The Children Act by Ian McEwan

The Children Act by Ian McEwan

Fiona Maye is a High Court judge specialising in family law and is very well respected in her profession. She’s known for her piercing intelligence and expertise in giving rigorous verdict for cases sensitive to religion and culture. One day, her husband, Jack, asks her to consider an open marriage then they start arguing and Jack accuses her for being too dedicated to her career.

In the middle of their fight, she receives a call about an urgent case of a young boy with leukaemia, Adam. He and He and his parents refuse to receive blood transfusion because of their religious belief. Hospital thinks the parents’s strong belief in religion is threatening the boy’s life. Although Adam is under eighteen, he is only a few months away to reach the legal age. He can then decide for himself but his health is deteriorating and the blood transfusion must be done within a couple of days to save his life.

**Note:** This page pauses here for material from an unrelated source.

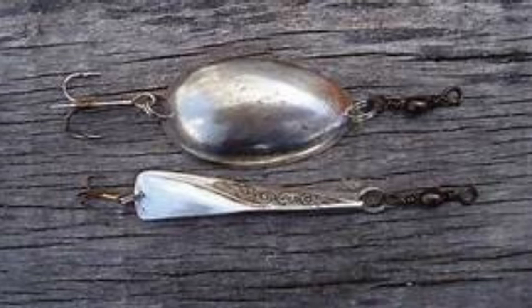Spoon Lures got their name because they were initially made from spoons. Here's a really good example of a homemade spoon lure. As you can see, we've got the bowl of the spoon up here, and down here they've also utilized the handle of the spoon.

Fiona tries to immersed back to her work but she can’t help but thinking about her marriage, her childlessness, and her life. After studying the case punctiliously and upon hearing arguments from both sides—the family and hospital—Fiona decides to give a visit to Adam herself before giving the verdict. She meets with Adam, has a conversation with him then she returns to court and gives her verdict. However, the case doesn’t end there.

McEwan always has a way with his writings. As much as I enjoyed his ethereal narrative, I felt this is a bit too beautiful with extra adornments. He might be using extravagant words and posh phrases to portray the life of a sophisticated judge, but it’s a tad daunting for me. Nonetheless, it was an exciting read and I enjoyed how the story evolved.